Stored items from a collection
++++++++++++++++++++
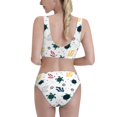 thumbnail image 3 of Picia Turtles And Corals Women's High Waisted Bikini Scoop Neck Swimsuit Two Pieces Bathing Suit-Small, 3 of 8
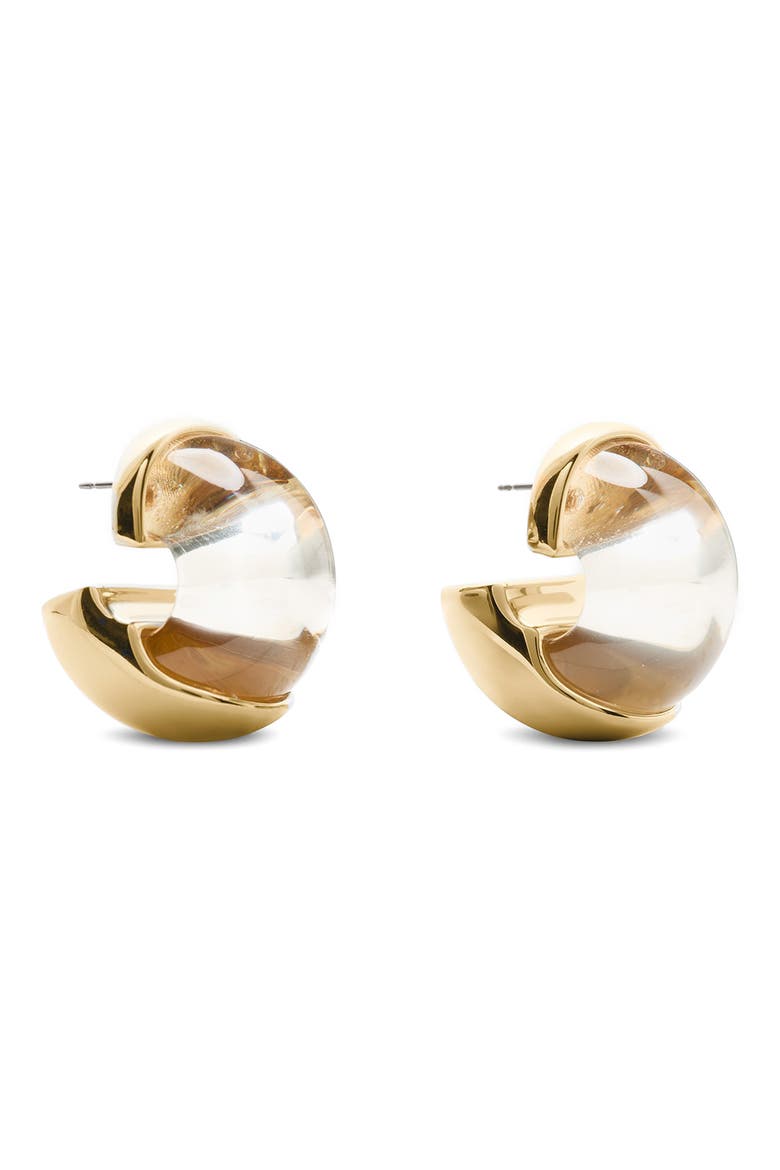 glow up chunky huggie hoop earrings, Main, color, CLEAR.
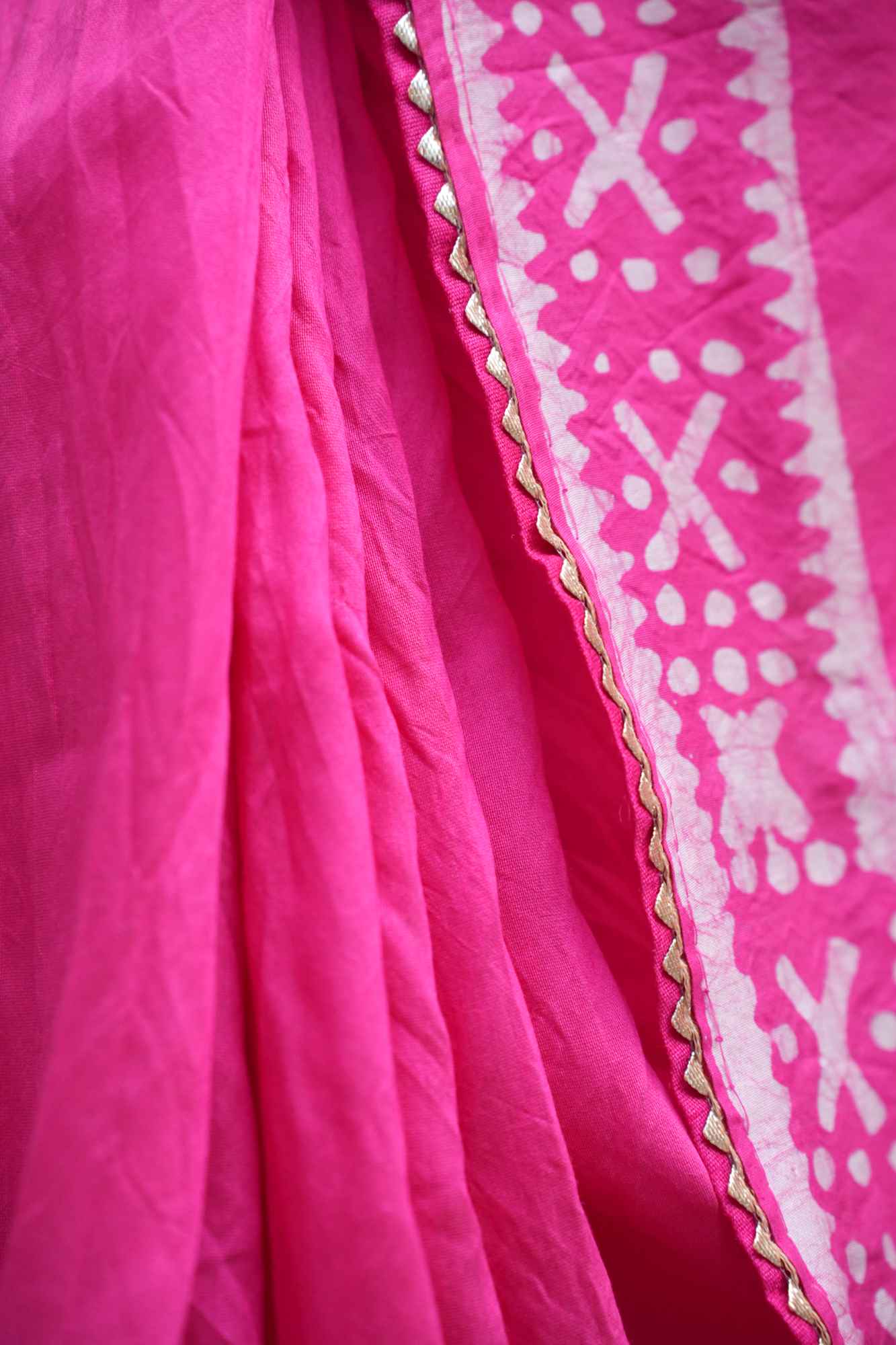 Soft Cotton Pink Batik Printed All Over With Seqance Work Butta & Rich Look Latkan Wrap in 1 minute saree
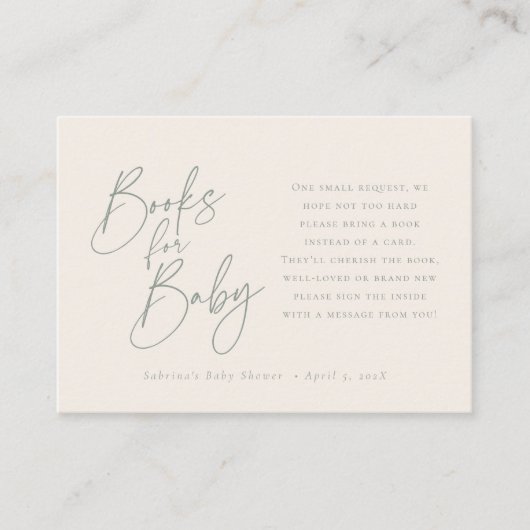 Carte D'accompagnement Livres pour bébé | Élégant Sage Vert Script (Devant)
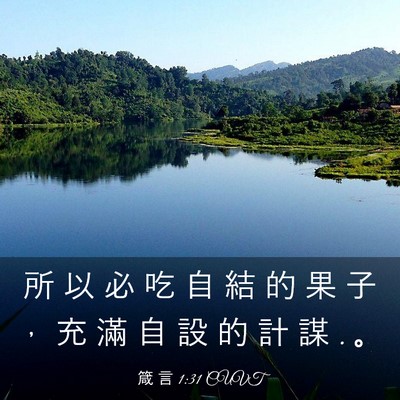 Picture 03 - 箴 言 1:31 CUVT - 所 以 必 吃 自 結 的 果 子 ， 充 滿 - Bible Verse Picture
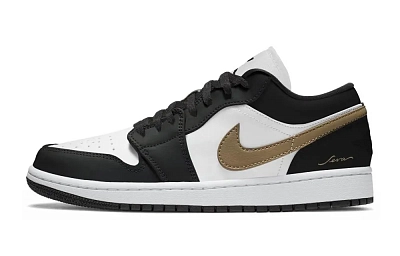 Jordan Air Jordan 1 Abrasion Resistant Breathable Low top Vintage Basketball Shoes Unisex Black Gold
++++++++++++++++++++
Copy only the lines running from the one that holds "Soft Cotton Pink" through the last line of the data, and include both of those lines. Do not copy any pictures.

WRITTEN RESPONSE
 Soft Cotton Pink Batik Printed All Over With Seqance Work Butta & Rich Look Latkan Wrap in 1 minute saree
 Carte D'accompagnement Livres pour bébé | Élégant Sage Vert Script (Devant)
 Picture 03 - 箴 言 1:31 CUVT - 所 以 必 吃 自 結 的 果 子 ， 充 滿 - Bible Verse Picture
 Jordan Air Jordan 1 Abrasion Resistant Breathable Low top Vintage Basketball Shoes Unisex Black Gold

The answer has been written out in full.